Lifetime Award for Excellence in the Arts
Wynona Croft Mulcaster
Wynona Croft Mulcaster is celebrated for her paintings of prairie landscapes reflecting the vitality and structure of the land and sky. Wynona Mulcaster was an Associate Professor in the University of Saskatchewan Art Department from 1964 to 1977, and also served as Director of Art Education at Saskatchewan Teachers College. Her work has been presented in more than a dozen solo exhibitions, from Regina and Saskatoon to Toronto, Montreal and Mexico, and numerous group shows.
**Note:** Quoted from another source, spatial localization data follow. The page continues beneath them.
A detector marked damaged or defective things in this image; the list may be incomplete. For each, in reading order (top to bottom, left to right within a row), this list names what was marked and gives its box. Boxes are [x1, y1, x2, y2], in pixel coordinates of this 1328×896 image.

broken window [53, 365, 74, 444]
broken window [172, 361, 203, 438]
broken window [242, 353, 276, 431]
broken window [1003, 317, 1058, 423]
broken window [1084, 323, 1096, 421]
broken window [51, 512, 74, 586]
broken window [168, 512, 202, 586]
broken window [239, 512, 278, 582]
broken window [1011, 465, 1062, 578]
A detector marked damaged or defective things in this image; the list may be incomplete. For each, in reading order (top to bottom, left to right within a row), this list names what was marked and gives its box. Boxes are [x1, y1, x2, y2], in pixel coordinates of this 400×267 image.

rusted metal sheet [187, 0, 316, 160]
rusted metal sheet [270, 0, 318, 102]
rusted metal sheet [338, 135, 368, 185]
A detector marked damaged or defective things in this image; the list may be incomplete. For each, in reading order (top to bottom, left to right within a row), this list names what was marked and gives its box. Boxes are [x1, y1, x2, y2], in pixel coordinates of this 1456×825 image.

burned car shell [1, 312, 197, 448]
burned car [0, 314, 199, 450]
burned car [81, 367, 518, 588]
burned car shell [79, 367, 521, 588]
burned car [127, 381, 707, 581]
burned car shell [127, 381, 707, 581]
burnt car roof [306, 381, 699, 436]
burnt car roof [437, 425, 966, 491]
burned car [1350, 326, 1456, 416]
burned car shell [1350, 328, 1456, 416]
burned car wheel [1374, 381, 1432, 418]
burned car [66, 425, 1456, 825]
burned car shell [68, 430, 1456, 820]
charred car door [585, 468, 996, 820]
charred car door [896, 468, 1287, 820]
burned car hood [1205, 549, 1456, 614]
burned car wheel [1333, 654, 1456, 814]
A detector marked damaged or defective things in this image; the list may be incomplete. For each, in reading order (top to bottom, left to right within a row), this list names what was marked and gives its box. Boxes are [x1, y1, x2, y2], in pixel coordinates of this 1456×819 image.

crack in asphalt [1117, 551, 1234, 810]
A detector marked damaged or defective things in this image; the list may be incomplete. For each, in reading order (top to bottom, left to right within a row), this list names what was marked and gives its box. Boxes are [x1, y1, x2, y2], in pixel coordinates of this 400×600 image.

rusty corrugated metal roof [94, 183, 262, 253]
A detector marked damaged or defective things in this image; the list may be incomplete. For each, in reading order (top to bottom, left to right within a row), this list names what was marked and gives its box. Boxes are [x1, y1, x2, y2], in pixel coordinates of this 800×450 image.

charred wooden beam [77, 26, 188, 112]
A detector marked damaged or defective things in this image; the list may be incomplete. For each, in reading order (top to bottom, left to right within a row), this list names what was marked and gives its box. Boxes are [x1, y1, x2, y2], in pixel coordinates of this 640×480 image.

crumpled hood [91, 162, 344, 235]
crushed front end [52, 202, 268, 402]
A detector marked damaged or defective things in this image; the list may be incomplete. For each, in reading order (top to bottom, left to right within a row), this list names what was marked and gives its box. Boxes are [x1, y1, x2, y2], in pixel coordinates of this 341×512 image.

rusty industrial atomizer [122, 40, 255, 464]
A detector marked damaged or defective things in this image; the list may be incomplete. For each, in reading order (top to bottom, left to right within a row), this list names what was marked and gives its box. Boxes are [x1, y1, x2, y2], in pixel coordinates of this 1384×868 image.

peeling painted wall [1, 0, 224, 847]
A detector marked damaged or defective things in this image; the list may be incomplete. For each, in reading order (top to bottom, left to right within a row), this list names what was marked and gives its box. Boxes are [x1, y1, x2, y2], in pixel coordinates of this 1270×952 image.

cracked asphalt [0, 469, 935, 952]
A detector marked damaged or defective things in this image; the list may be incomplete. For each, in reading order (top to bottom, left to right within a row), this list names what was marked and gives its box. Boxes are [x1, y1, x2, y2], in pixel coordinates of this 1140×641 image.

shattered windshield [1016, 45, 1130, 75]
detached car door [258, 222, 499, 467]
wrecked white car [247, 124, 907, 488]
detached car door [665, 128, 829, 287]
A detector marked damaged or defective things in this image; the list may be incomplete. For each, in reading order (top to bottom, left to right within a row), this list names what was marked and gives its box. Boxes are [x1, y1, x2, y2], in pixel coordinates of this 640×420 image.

She studied art at the University of Saskatchewan, the Banff School of Fine Arts and The Emma Lake Summer School.
Lifetime Award for Excellence in the Arts
Ruth Pawson
Saskatchewan Order of Merit, 1993
Ruth Pawson is of the representational school of landscape painters, working in oils. She is known and loved for her painting and her years of teaching in the rural and Regina school systems and at the University of Regina. Ruth Pawson received the majority of her art education at the Emma Lake Summer School of Art and the Banff School of Fine Arts. She has had solo exhibitions at the Dunlop Art Gallery in Regina, and has appeared in many group shows around the province. Her work is kept in many school collections as well as other Saskatchewan art collections and the National Gallery in Ottawa.
Lifetime Award for Excellence in the Arts
James Sinclair Ross
James Sinclair Ross is one of Canada's finest craftsmen of the novel and short story. He is the author of 4 novels and 18 short stories, published between 1934 and 1974, many of which uniquely capture the harsh lives of prairie people during the Depression years. Largely unheralded as a writer until his seminal 1941 novel As For Me and My House was reprinted in Canada in 1957, he kept his job at the Royal Bank until his retirement in 1968. The power of his work is credited with influencing many Canadian prairie writers.